#### Problem details:
Beginning at the line that contains "Good morning babes part 476", repeat each line exactly through the last one of the records below, and leave out the pictures.

** Opening Listed records block **

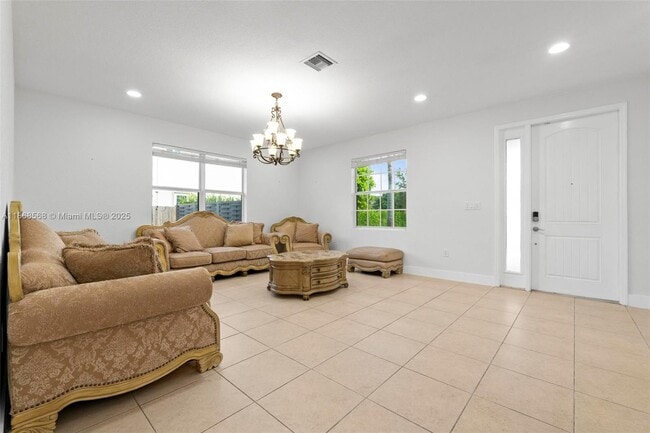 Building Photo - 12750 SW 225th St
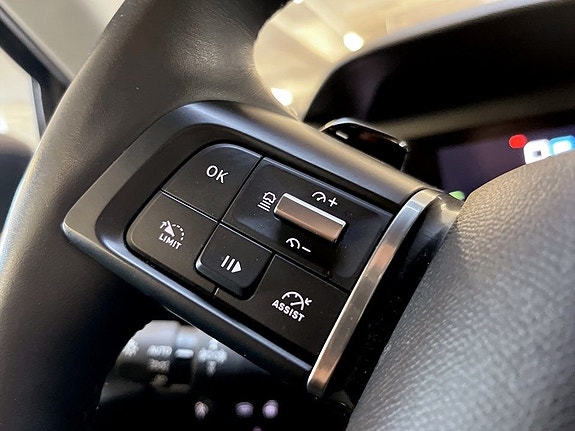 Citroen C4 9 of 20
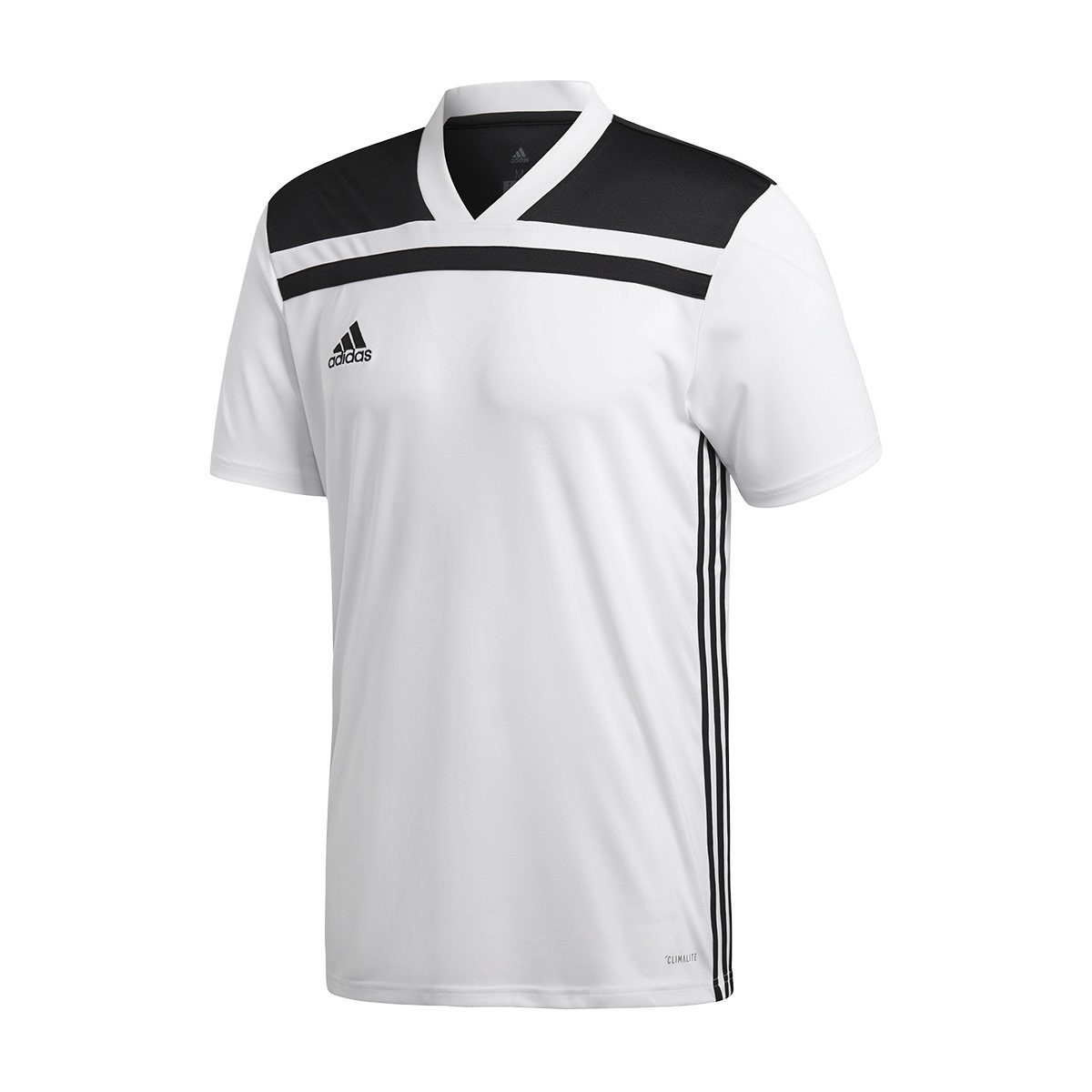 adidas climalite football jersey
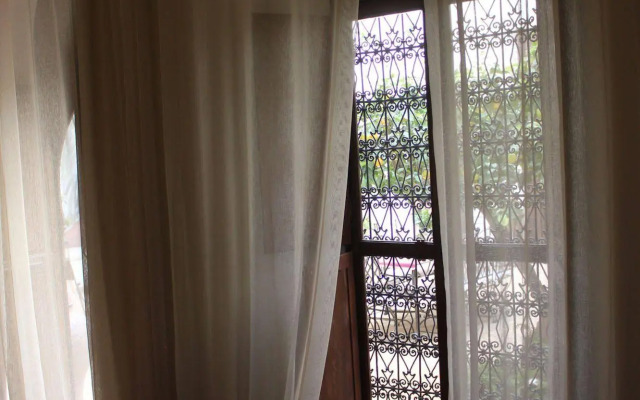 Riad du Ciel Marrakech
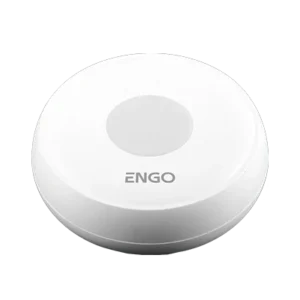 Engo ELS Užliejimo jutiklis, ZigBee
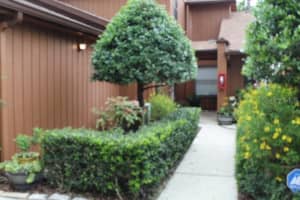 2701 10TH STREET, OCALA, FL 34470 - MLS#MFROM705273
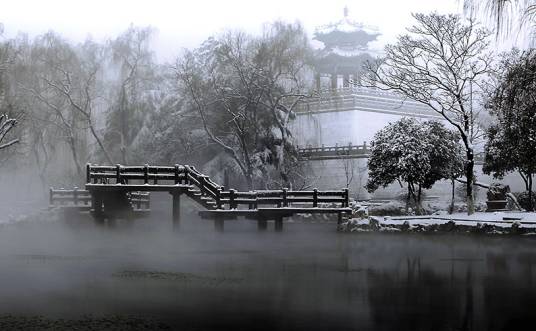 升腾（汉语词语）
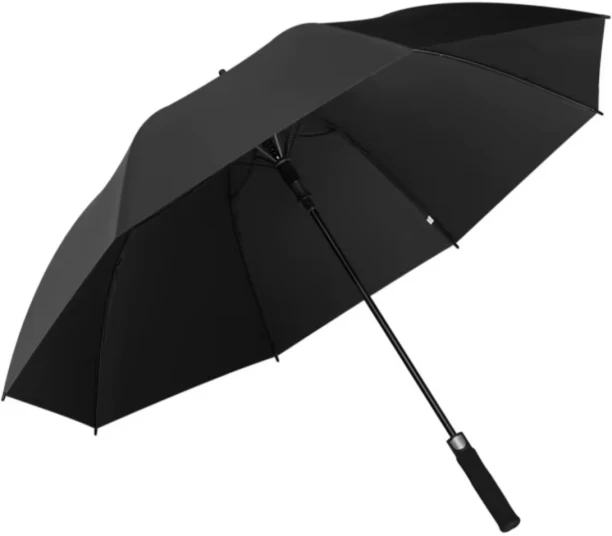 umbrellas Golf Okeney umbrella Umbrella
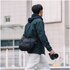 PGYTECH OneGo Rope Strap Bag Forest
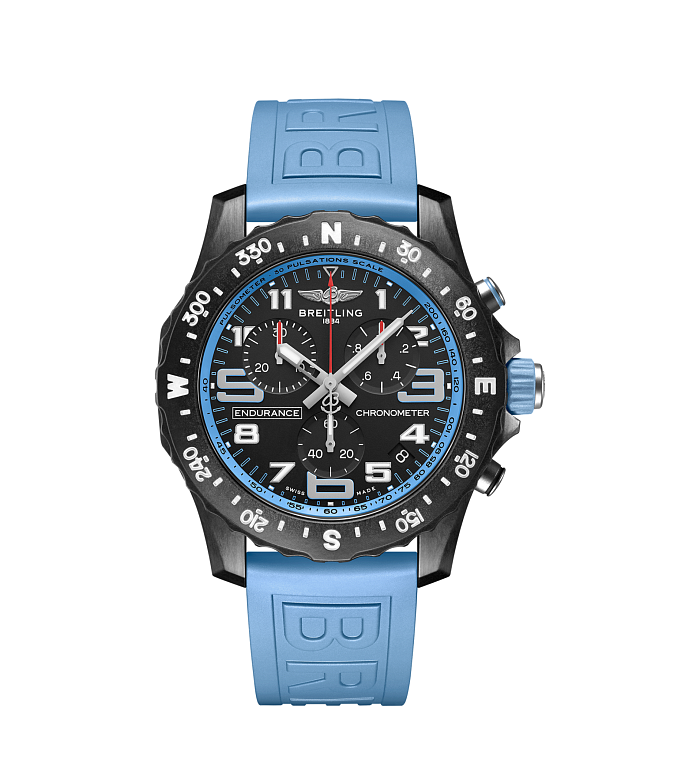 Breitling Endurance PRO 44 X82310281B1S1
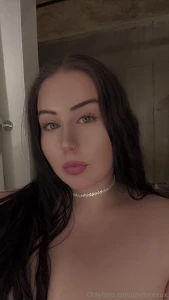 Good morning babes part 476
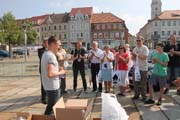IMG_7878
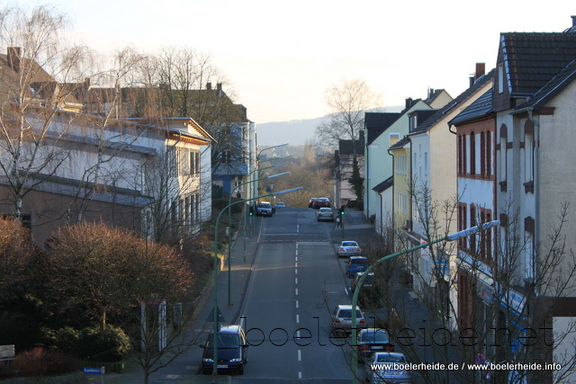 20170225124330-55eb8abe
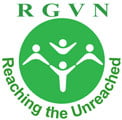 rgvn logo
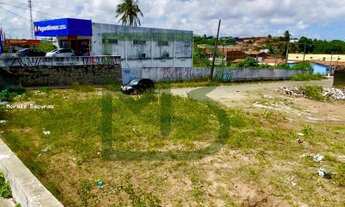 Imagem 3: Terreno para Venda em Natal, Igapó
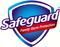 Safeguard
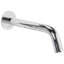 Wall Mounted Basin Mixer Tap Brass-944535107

** Closing Listed records block **

#### Expected answer:
 Good morning babes part 476
IMG_7878
 20170225124330-55eb8abe
 rgvn logo
 Imagem 3: Terreno para Venda em Natal, Igapó
 Safeguard
 Wall Mounted Basin Mixer Tap Brass-944535107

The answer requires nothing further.